Arshad et al. (2018) proposed a semi supervised Deep Fuzzy C-Mean clustering approach for software defect prediction. The proposed approach analysed supervised and unsupervised data simultaneously to extract useful information from the dataset. The results of the proposed approach are compared with the semi supervised techniques used for software fault prediction. Their approach has outperformed benchmark approaches in achieving high AUC and F-measure scores. Arasteh (2018) proposed a fault prediction method using Neural Net-work and Naïve Bayes algorithms. The author compares the proposed approach with three different defect prediction models including Support Vector Machine (SVM), Artificial Neural Nketwork (ANN) and Naïve Bayes. The results have shown that the proposed algorithm outperforms other prediction models in terms of achieving high accuracy and precision for software fault prediction.

Most of the schemes in the literature suffer from the class imbalance problem, and hence result in poor prediction of the defects for complex software systems Ali et al. (2019). As can be seen in Table 2, that most of the schemes in literature focuses on the performance metrics like, accuracy, AUC for the evaluation. However, the use of these metrics in imbalanced classes can lead to sub-optimal classification models and might yield misleading results due to insensitivity towards skewness in data Branco et al. (2015). For example, a no skill classification model might produce high accuracy (or low error) by only predicting the majority class.
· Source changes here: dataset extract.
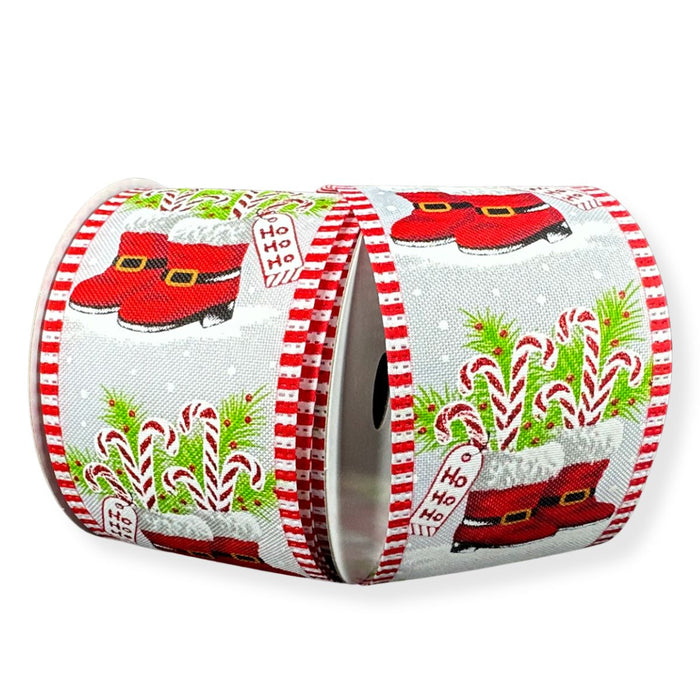 White linen Christmas ribbon with red Santa boots filled with candy canes, greenery, Ho Ho Ho tags and red striped wired edges.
Table 2 A literature review and comparison

As for a good quality software system the probability of getting lesser number of defects containing instances is very high, resulting in a highly imbalance data, causing the prediction algorithm to mispredict the actual defects. Therefore, in this paper we propose best features-based cost-sensitive logistic regression (CLR) and decision trees ensemble (CDTE) models to predict software defects. The cost-sensitive learning directs the classification towards optimising the desired performance criteria, namely focusing on optimally detecting the defects.

4 Cost-sensitive defect prediction using best features-based logistic regression and decision trees ensemble

Preprocessing of data to extract useful information (also referred as feature extraction) is one of the most crucial steps in classification and prediction tasks Pendharkar (2005). The accuracy of classification and prediction is strongly dependent on the extraction of relevant features from the raw data Aparna and Paul (2016).
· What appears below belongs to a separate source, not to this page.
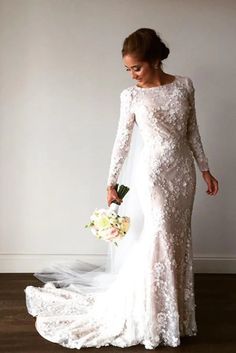 a woman in a long sleeved wedding gown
Analysis of variance (ANOVA) Freedman (2009) is a statistical measure used to check if the means of two or more features are significantly different from each other. For the feature selection process, we use the ANOVA F-value (i.e. an estimation of the degree of linearity between the input metric and the output metric). The ANOVA F-value is sequentially applied to all features and it will then select those features which are more discriminating according to classes. The ANOVA F-value-based feature selection process will remove redundant and irrelevant features from the data set as often as possible and will select an optimal feature subset for precise prediction of defects. Significant or best features have an impact on the outcome of any classification algorithm and can increase the performance efficiency even with a reduced set of training data. Significant/best feature analysis improves scalability, and processing efficiency for the training and testing of the classifier.

Fig. 1
figure 1

Cost-sensitive classification model

Once the best features are selected using the ANOVA F-value based feature selection process then the next step is to pass those features to a classification algorithm for prediction. In this work the classification and prediction schemes are based on logistic regression and decision tree ensemble (J48 ensemble). The problem with using logistic regression and decision trees ensemble is that it suffers from the class imbalance problem. It is also obvious that in any typical software system the number of instances containing defects will be lower than the normal instances i.e., the probability of getting highly skewed data is very high. To remedy this situation, a MetaCost-based Domingos (1999) logistic regression and decision tree ensemble are used. A simple logistic regression is given in the following Equation 1:

$$\begin{aligned} log \left( \frac{\pi }{1 - \pi } \right) = a + b_1x_1 + ... + b_n x_n \end{aligned}$$
(1)

where \((\pi /(1-\pi )\) is the odds ratio; \(a, b_1, ... b_n\) are the coefficients of the regression model esti-mated (learned) from the repository data; and \(x_1, ... x_n\) are the features which we extract from the repository data e.g. loc, cyclomatic complexity etc.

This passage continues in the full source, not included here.